The first item that caught my eye was a local cheese plate ($12.95) featuring three artisan cheeses, fig jam, fresh fruit and baked crostinis. I knew from that item alone I was going to enjoy this meal. But the cheese would have to wait as I couldn't resist ordering the Pacific Oysters Decadence ($16). Six Drakes Bay oysters slathered in Asiago cheese, bacon, spinach and peppers. For anyone who doesn't like oysters this dish is the creamy, salty answer, but I love the briny, fresh from the bay raw experience. A surprisingly light and delicious blue cheese garlic bread ($7) featuring, of course, Point Reyes Farmstead Blue and an arugula (Star Route Farms) and apple salad was addictive.

Our exuberant server steered us toward a Mount Tam Pale Ale ($5) and a Lagunitas Pilsner ($5), two of the eight handcrafted and mostly local draft beers and perfect choices to accompany a crab sandwich ($14) and the signature grass-fed beef burger ($12). Plump and juicy crabmeat sandwiched between two slices of sourdough is simple and straightforward and showcases the crab without unnecessary filler; it was delicious. No complaints about the burger, either; I especially liked the toothsome rustic roll with its crusty exterior. Handcut french fries accompanied both and I ate far more than I should have.

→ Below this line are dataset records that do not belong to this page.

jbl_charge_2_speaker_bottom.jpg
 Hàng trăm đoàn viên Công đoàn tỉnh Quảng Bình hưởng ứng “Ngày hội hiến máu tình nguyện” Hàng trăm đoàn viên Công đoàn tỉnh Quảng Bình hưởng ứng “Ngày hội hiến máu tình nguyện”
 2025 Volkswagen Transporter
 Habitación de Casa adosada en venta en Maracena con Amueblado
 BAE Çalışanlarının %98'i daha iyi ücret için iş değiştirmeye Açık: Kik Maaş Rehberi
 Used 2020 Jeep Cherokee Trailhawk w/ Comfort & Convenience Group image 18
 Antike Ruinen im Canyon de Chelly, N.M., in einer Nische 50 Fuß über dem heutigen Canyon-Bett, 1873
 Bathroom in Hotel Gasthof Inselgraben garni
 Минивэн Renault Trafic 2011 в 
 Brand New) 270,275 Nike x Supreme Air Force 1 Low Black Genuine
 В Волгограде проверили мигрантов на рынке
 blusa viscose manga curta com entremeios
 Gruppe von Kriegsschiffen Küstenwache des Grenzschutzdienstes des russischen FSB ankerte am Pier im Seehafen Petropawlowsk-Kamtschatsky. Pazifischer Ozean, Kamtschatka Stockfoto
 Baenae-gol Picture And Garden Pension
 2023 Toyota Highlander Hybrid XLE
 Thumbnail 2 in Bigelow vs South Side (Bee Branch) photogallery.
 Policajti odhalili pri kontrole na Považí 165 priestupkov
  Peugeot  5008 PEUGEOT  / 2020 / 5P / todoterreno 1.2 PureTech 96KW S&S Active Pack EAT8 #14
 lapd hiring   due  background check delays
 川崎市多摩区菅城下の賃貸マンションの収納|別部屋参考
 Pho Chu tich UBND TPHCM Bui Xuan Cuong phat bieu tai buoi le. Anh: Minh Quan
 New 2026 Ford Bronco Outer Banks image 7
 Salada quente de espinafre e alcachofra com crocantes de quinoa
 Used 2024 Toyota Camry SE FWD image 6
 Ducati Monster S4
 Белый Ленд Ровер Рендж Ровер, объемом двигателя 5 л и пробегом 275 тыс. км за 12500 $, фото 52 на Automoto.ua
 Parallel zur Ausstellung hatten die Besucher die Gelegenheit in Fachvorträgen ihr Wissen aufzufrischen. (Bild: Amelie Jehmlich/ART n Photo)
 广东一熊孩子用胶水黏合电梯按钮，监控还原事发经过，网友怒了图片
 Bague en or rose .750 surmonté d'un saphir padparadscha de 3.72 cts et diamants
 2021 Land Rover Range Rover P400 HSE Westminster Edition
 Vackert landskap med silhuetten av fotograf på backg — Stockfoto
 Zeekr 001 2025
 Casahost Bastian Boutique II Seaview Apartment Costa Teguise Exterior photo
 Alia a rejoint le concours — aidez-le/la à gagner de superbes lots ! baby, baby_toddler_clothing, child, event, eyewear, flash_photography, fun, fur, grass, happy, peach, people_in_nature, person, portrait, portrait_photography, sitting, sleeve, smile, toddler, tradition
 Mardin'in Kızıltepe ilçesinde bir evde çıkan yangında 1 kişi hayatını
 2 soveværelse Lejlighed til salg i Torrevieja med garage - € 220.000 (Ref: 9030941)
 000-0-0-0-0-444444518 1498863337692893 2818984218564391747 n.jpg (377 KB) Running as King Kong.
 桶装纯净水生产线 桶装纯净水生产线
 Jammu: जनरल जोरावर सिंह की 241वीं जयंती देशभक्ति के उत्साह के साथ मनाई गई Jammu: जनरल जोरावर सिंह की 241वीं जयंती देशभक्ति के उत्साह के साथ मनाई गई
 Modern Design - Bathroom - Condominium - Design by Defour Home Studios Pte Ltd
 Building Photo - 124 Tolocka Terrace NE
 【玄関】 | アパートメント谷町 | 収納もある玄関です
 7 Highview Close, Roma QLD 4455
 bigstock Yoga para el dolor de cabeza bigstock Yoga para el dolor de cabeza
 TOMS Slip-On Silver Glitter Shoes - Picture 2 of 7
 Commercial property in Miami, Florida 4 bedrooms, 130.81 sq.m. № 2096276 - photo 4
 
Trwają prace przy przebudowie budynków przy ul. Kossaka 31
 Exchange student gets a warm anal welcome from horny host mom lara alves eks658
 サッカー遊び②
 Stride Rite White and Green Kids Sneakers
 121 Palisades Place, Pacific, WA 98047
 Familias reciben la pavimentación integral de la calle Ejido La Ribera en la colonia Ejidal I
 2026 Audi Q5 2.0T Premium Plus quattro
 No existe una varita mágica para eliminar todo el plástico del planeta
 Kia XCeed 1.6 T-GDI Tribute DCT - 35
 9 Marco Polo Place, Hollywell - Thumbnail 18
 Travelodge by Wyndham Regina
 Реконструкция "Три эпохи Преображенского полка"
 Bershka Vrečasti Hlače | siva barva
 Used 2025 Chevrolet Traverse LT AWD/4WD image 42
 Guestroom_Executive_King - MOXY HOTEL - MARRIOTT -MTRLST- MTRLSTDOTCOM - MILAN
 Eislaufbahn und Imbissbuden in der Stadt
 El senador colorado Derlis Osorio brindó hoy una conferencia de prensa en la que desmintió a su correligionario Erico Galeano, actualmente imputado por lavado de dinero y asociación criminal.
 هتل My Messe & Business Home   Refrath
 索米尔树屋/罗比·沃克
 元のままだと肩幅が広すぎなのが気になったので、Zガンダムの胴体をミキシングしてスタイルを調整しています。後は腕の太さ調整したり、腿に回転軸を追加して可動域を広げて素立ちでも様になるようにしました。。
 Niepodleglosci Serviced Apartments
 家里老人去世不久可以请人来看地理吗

Dammann's menu features plenty of inventive offerings, including an angel hair shrimp pasta in a fennel pollen goat cheese broth ($18), venison and apple chili with polenta croutons ($14) and a roasted chicken salad with a pomegranate vinaigrette ($13). But more impressive is the restraint he shows in his simple, straightforward dishes that allow the ingredients to positively shine. This is not an ego-driven, show-off menu; it is one that takes full advantage of the spectacular bounty the chef literally has at his very capable finger tips.

A homey peach and berry cobbler ($7) topped with oats and organic Straus ice cream captured the farm-fresh sensibility taking hold at this roadside eatery. Olema is lucky to have a chef of this caliber crafting accessible, far better than average foods with a local, organic ad seasonal sensibility at this made-over West Marin restaurant. Even wine dinners featuring local farmers and wineries are on the menu; the next one is scheduled in November. Be sure to check out the stunning grounds behind the adjoining lodge.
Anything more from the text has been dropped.